IBM researchers, in collaboration with the Fraunhofer Institute in Berlin, recently demonstrated a prototype that integrates the cooling system into the 3D chips by piping water directly between each layer in the stack.

IBM cools 3D chips with H<sub>2</sub>0
IBM cools 3D chips with H20

These so-called 3D chip stacks – which take chips and memory devices that traditionally sit side-by-side on a silicon wafer and stacks them together on top of one another – presents one of the most promising approaches to enhancing chip performance beyond its predicted limits.

This follows IBM’s advances in chip-stacking technology in a manufacturing environment a year ago, which shortens the distance that information on a chip needs to travel by 1000 times, and allows for the addition of up to 100 times more channels, or pathways, for that information to flow compared to 2D chips.

“As we package chips on top of each other to significantly speed a processor’s capability to process data, we have found that conventional coolers attached to the back of a chip do not scale. In order to exploit the potential of high-performance 3D chip stacking, we need interlayer cooling,” explains Thomas Brunschwiler, project leader at IBM’s Zurich Research Laboratory. “Until now, nobody has demonstrated viable solutions to this problem.”

3D chip stacks would have an aggregated heat dissipation of close to 1 kilowatt – 10 times greater than the heat generated by a hotplate – with an area of 4 square centimetres and a thickness of about 1 millimetre. Moreover, each layer poses an additional barrier to heat removal.

Brunschwiler and his team piped water into cooling structures as thin as 50 microns – the width of a human hair – between the individual chip layers in order to remove heat efficiently at the source. Using the superior thermophysical qualities of water, scientists were able to demonstrate a cooling performance of up to 180 W/cm² per layer for a stack with a typical footprint of 4 cm².

“This truly constitutes a breakthrough. With classic backside cooling, the stacking of two or more high-power density logic layers would be impossible,” said Bruno Michel, manager of the chip cooling research efforts at the IBM Zurich Lab.

Technological specifications

In these experiments, scientists piped water through a 1 by 1 cm test vehicle, consisting of a cooling layer between two dies or heat sources. The cooling layer measures only about 100 microns in height and is packed with 10 000 vertical interconnects per cm².

The team overcame key technical challenges in designing a system that maximises the water flow through the layers, yet hermetically seals the interconnects to prevent water from causing electrical shorts. The complexity of such a system resembles that of a human brain, wherein millions of nerves and neurons for signal transmissions are intermixed but do not interfere with tens of thousands of blood vessels for cooling and energy supply, all within the same volume.
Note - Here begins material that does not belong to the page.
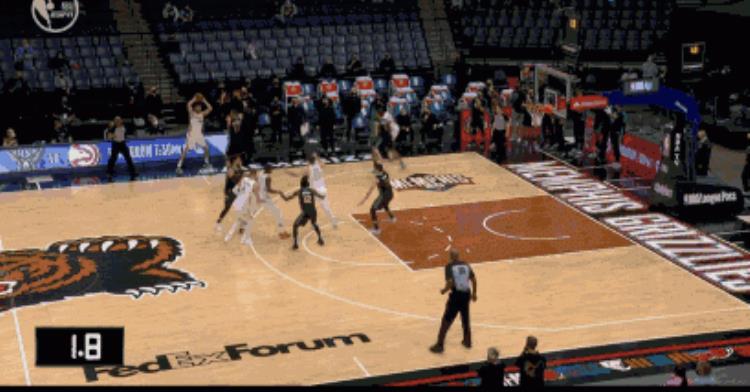 nba十大压哨绝杀「年度盘点之十大压哨绝杀格拉汉姆后场超远东契奇抛投三分」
The fabrication of the individual layers was accomplished with existing fabrication methods, except those needed to etch or drill the holes for signal transmission from one layer to the next. To insulate these ‘nerves’, scientists left a silicon wall around each interconnect (also called through-silicon vias) and added a fine layer of silicon oxide to insulate the electrical interconnects from the water. The structures had to be fabricated to an accuracy of 10 microns, 10 times more accurate than for interconnects and metallisations in current chips.
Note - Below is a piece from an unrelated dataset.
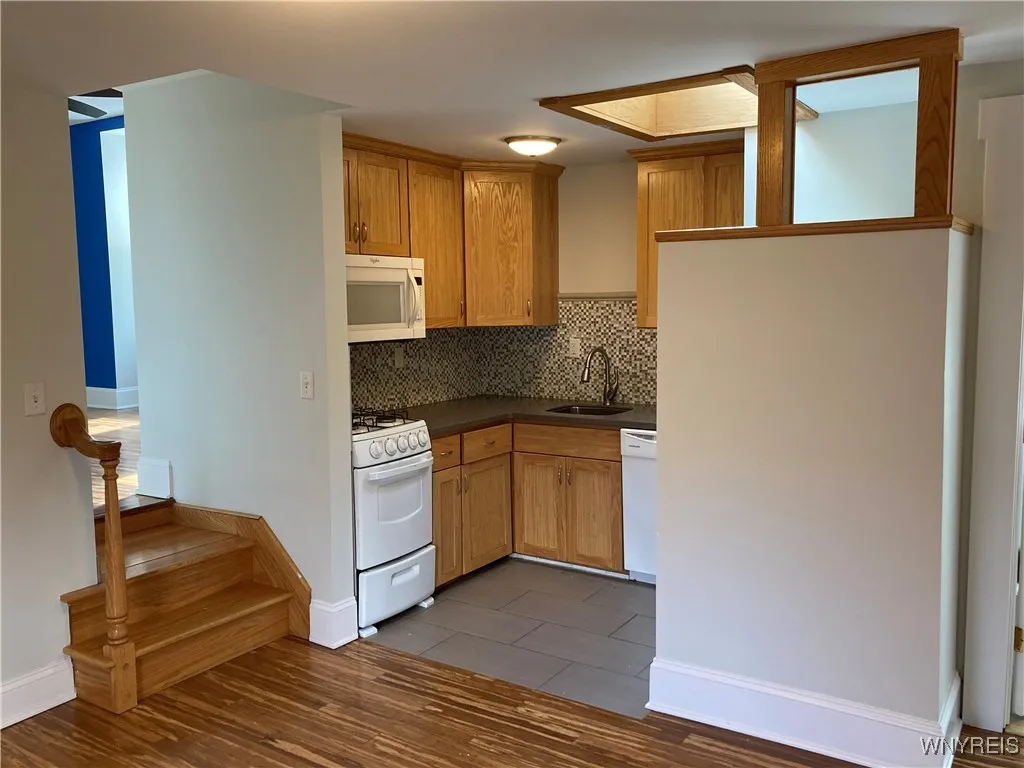 77 Johnson Park 8, Buffalo, New York 14201, Buffalo, New York 14201, 2 Bedrooms Bedrooms, 4 Rooms Rooms,1 BathroomBathrooms,Residential Lease,For Rent,77 Johnson Park 8, Buffalo, New York 14201,B1614534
To assemble the individual layers, the researchers developed a sophisticated thin-film soldering technique. Using this technique, scientists achieved the high quality, precision and robustness needed to ensure excellent thermal contacts as well as electrical contacts without shorts. In the final setup, the assembled stack is placed in a silicon cooling container resembling a miniature basin. The water is pumped into the container from one side and flows between the individual chip layers before exiting at the other side.

Using simulations, scientists extrapolated the experimental results of their test vehicle to a 4 cm² chip stack and achieved a cooling performance of 180 W/cm².

In further research, Brunschwiler and his team are working to optimise cooling systems for even smaller chip dimensions and more interconnects. They are also investigating additional sophisticated structures for hotspot cooling.